■ EXERCISE AIM:
In the entries that follow, locate the line with "Hyundai i20 - 9", then restate that line and all later lines exactly as they appear, leaving pictures out.

Image-text web data
>>>

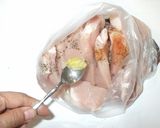 豚肉の黒こしょう焼き♪簡単マーマレードで作り方6写真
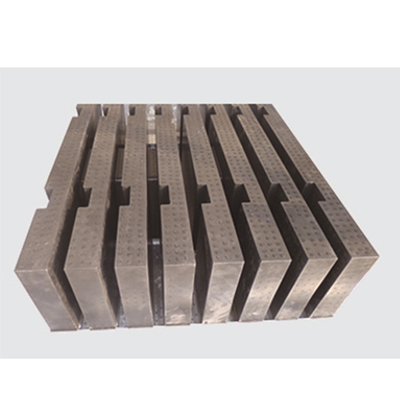 ISO9001 Molde EPS de caja de pescado para envases de frutas y verduras frescas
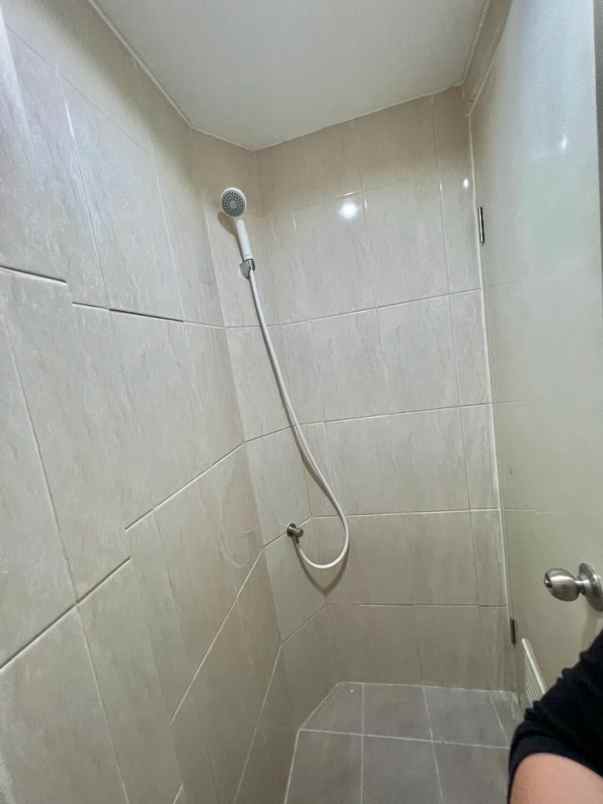 jual apartemen osaka pik2 type studio harga murah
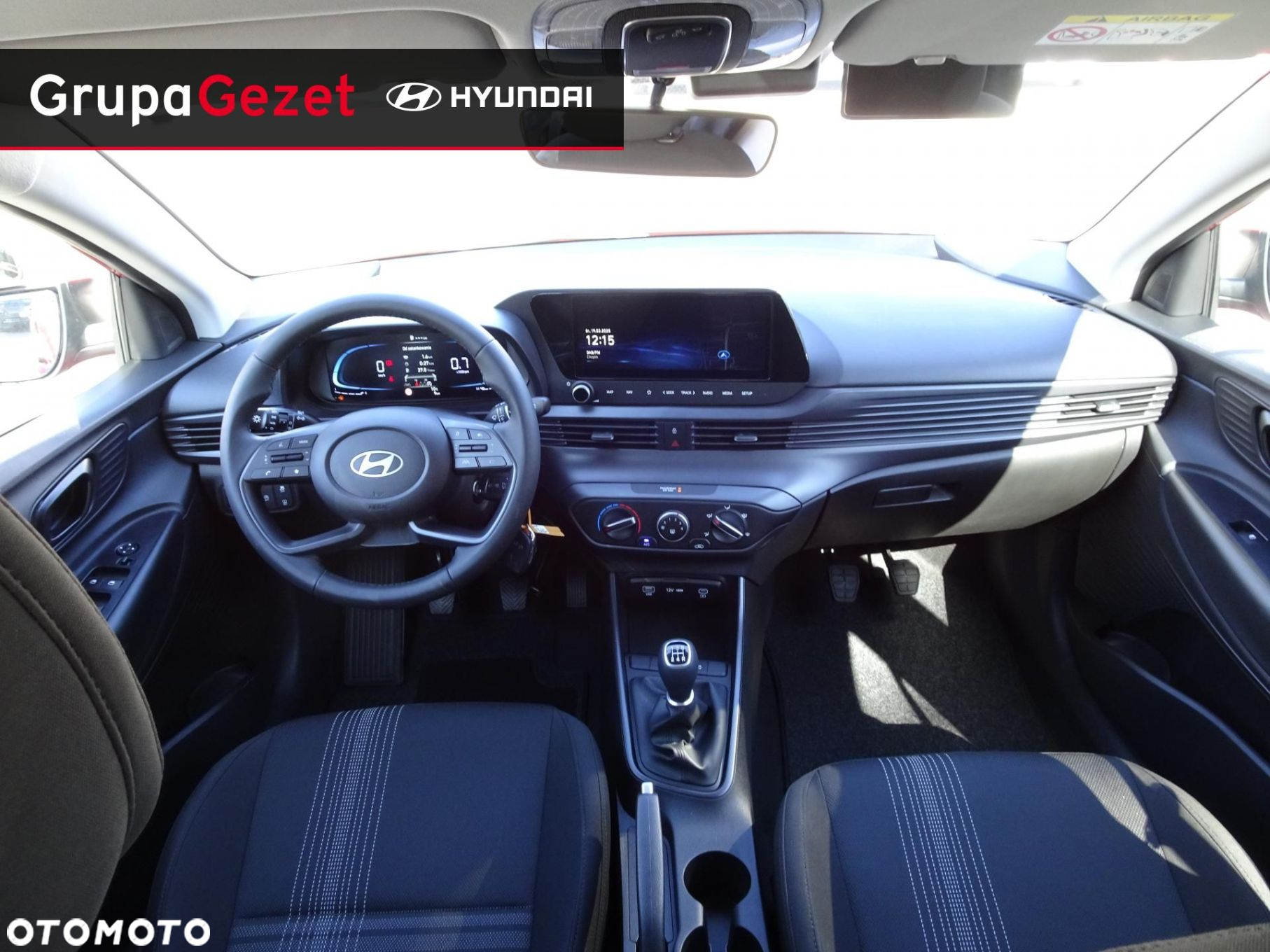 Hyundai i20 - 9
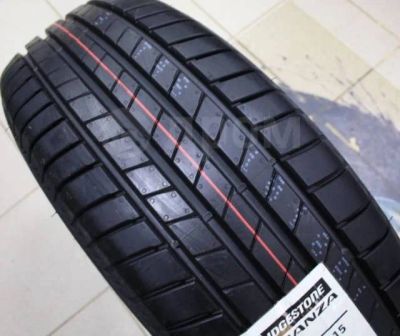Лот: 19861756. Фото: 1. 195/55R16, 195/55R16 Bridgestone... Шины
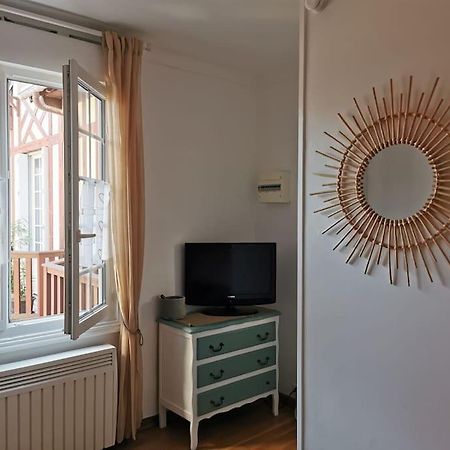 Studio Chic, Hyper Centre, 4 Minutes De La Plage Cabourg Εξωτερικό φωτογραφία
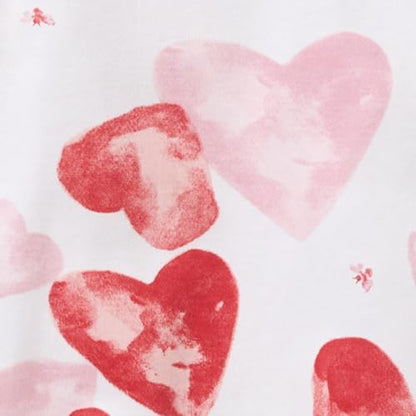 Baby Girls Pajamas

<<<

■ YOUR SOLUTION:
 Hyundai i20 - 9
Лот: 19861756. Фото: 1. 195/55R16, 195/55R16 Bridgestone... Шины
 Studio Chic, Hyper Centre, 4 Minutes De La Plage Cabourg Εξωτερικό φωτογραφία
 Baby Girls Pajamas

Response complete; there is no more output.